Provided data:

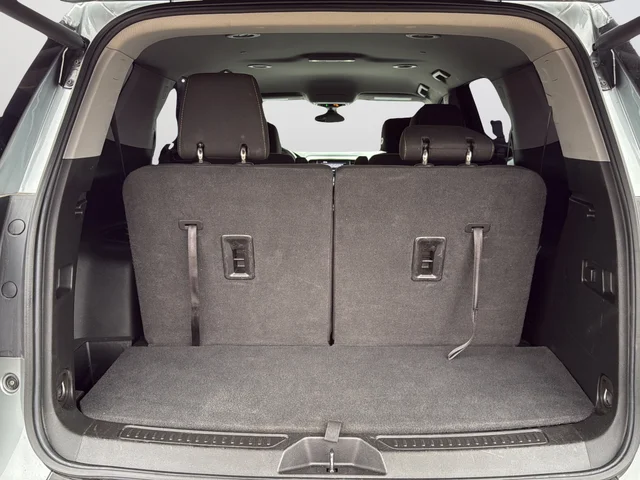 Used 2023 Silver GMC SLE image 20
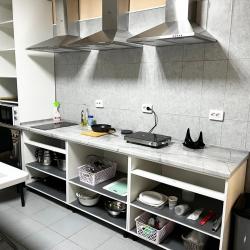 Кровать в мужском номере c 5 двухъярусными кроватями (удобства на этаже)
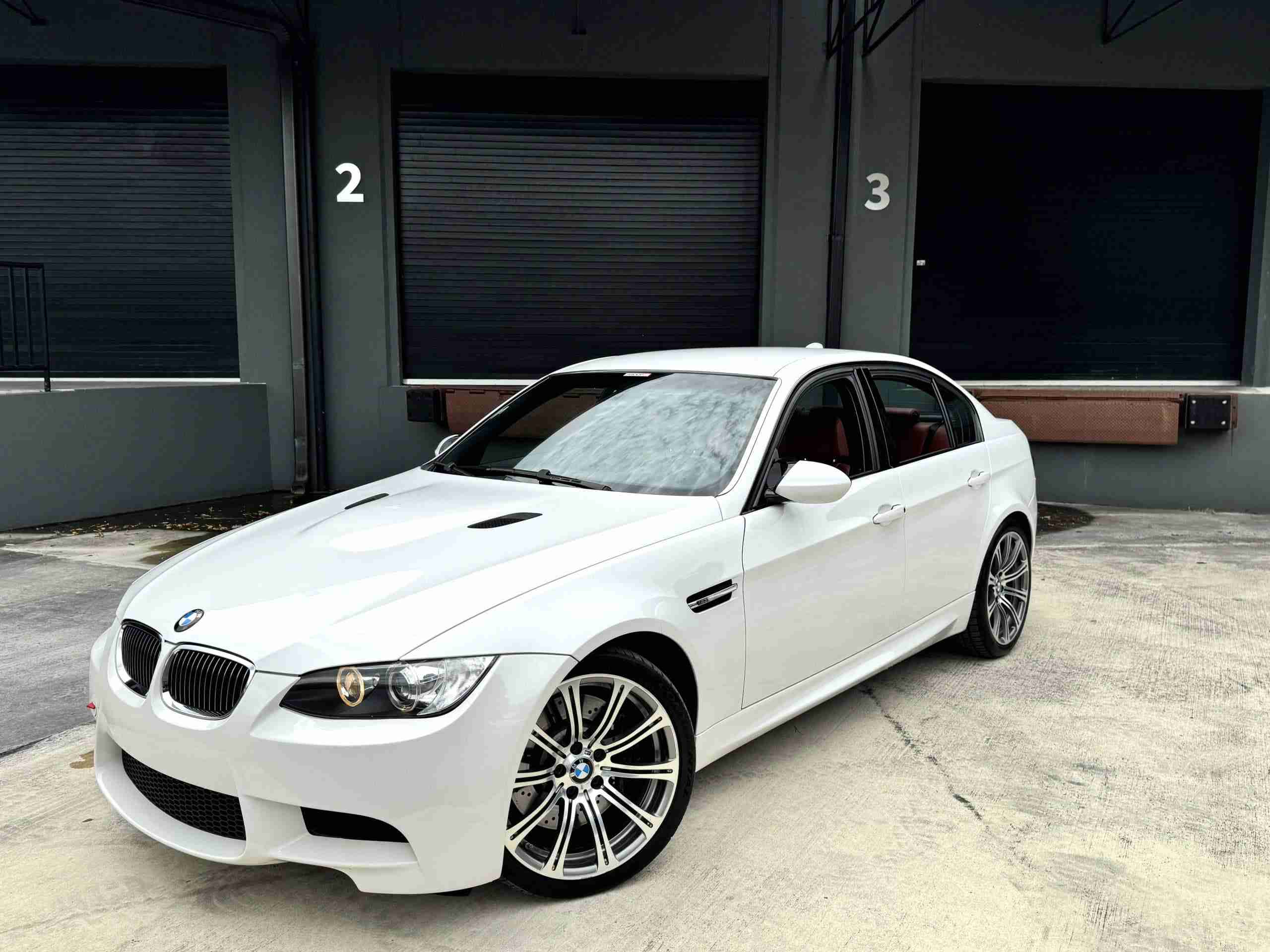 2008 BMW M3 E90 Single Hump Slicktop 74k Miles – 6 Speed Manual – LCI upgrades – Alpine White – Fox Red full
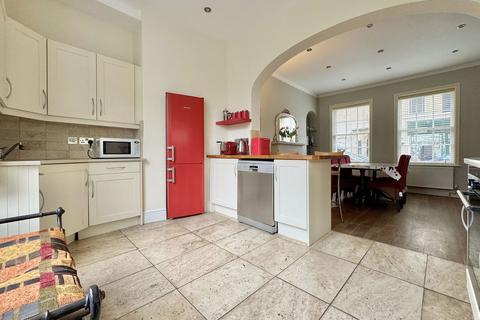 3 bedroom terraced house for sale, St. James's Street, Bath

What to produce:
What you give back must be exactly the lines of the listing above from the line containing "2008 BMW M3" through its last line, inclusive, without pictures, please.

Solution to the problem:
 2008 BMW M3 E90 Single Hump Slicktop 74k Miles – 6 Speed Manual – LCI upgrades – Alpine White – Fox Red full
 3 bedroom terraced house for sale, St. James's Street, Bath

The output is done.